政府は1970年代ごろから国会で「一般国際法上、外国軍隊には特別の取り決めがない限り接受国の法令は適用されず、日本に駐留する米軍も同様」と答弁してきた。外務省のホームページにある「日米地位協定Q&A」にも明記していたが、11日に修正した。
修正後は「一般に、外国軍隊や構成員等は個別の取り決めがない限り、軍隊の性質に鑑み、公務について受け入れ国の法令の執行や裁判権等から免除される」とし、米軍に国内法を原則不適用とする理由から「国際法」の言葉を削った。

変更前の説明に対し、日本弁護士連合会は2014年の意見書でそうした国際法はないとし、「領域主権からして米軍にも日本法令適用が原則」と表明。地位協定に関する米政府の諮問委員会も15年の調査報告書で、受け入れ国の法適用が国際法の原則としている。
野党は国会などで政府の立場を「被占領国当時の日米関係」と批判。沖縄県も国内法の制限が米軍機の飛行などに及ばないことを問題視しており、政府は地位協定への反発が強まらないよう説明の変更を決めた。

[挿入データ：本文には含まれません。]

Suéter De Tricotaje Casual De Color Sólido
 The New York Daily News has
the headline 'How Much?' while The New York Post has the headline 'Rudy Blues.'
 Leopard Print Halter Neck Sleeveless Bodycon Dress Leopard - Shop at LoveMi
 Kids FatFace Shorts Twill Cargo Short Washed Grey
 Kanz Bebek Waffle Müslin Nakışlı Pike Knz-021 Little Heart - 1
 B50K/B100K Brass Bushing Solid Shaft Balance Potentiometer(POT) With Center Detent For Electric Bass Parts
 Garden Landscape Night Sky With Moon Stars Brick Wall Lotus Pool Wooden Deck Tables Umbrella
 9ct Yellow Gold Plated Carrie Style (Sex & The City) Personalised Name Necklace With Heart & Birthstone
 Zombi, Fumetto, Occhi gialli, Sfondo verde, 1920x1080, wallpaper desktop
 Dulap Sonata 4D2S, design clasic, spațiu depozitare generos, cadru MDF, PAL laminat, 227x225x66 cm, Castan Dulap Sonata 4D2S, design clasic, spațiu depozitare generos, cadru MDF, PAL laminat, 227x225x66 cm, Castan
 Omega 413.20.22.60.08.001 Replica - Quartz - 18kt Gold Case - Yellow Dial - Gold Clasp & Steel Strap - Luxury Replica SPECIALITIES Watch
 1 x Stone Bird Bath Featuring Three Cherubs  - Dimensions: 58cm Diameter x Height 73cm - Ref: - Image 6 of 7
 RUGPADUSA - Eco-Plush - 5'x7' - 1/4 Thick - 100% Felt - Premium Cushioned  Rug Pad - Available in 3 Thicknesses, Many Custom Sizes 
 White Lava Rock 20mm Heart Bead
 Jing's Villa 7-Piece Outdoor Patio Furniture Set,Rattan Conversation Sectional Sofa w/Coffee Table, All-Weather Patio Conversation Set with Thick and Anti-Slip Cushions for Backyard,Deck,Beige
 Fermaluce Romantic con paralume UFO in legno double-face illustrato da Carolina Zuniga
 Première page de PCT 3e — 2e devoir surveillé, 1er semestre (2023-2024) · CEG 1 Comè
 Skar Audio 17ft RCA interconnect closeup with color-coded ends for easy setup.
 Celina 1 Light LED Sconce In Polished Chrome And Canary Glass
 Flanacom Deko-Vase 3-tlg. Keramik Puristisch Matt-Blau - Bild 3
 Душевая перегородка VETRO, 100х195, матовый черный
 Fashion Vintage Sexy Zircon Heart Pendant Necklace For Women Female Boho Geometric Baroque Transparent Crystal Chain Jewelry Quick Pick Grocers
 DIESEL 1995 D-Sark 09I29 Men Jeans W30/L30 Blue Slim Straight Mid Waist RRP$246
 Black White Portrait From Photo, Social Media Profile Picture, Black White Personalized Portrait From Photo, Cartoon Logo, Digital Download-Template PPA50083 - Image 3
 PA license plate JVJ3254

ただ、外務省は説明の変更について「批判をふまえわかりやすくしたが、『原則不適用』の根拠となる国際法があるという見解は変えていない」とする。(専門記者・藤田直央)

日米地位協定Q&A - 外務省

https://www.mofa.go.jp/mofaj/area/usa/sfa/qa03.html

問4:米軍には日本の法律が適用されないのですか。
(答)
一般に、受入国の同意を得て当該受入国内にある外国軍隊及びその構成員等は、個別の取決めがない限り、軍隊の性質に鑑み、その滞在目的の範囲内で行う公務について、受入国の法令の執行や裁判権等から免除されると考えられています。すなわち、当該外国軍隊及びその構成員等の公務執行中の行為には、派遣国と受入国の間で個別の取決めがない限り、受入国の法令は適用されません。以上は、日本に駐留する米軍についても同様です。
ただし、米軍や米軍人等が日本で活動するに当たって、日本の法令を尊重しなければならないことは当然であり、日米地位協定にもこれを踏まえた規定が置かれています(第16条)。
なお、これはあくまでも公務執行中について述べたものであり、当然のことながら、公務執行中でない米軍人等、また、それら家族は、特定の分野の国内法令の適用を除外するとの日米地位協定上の規定等がある場合を除き、日本の法令が適用されます。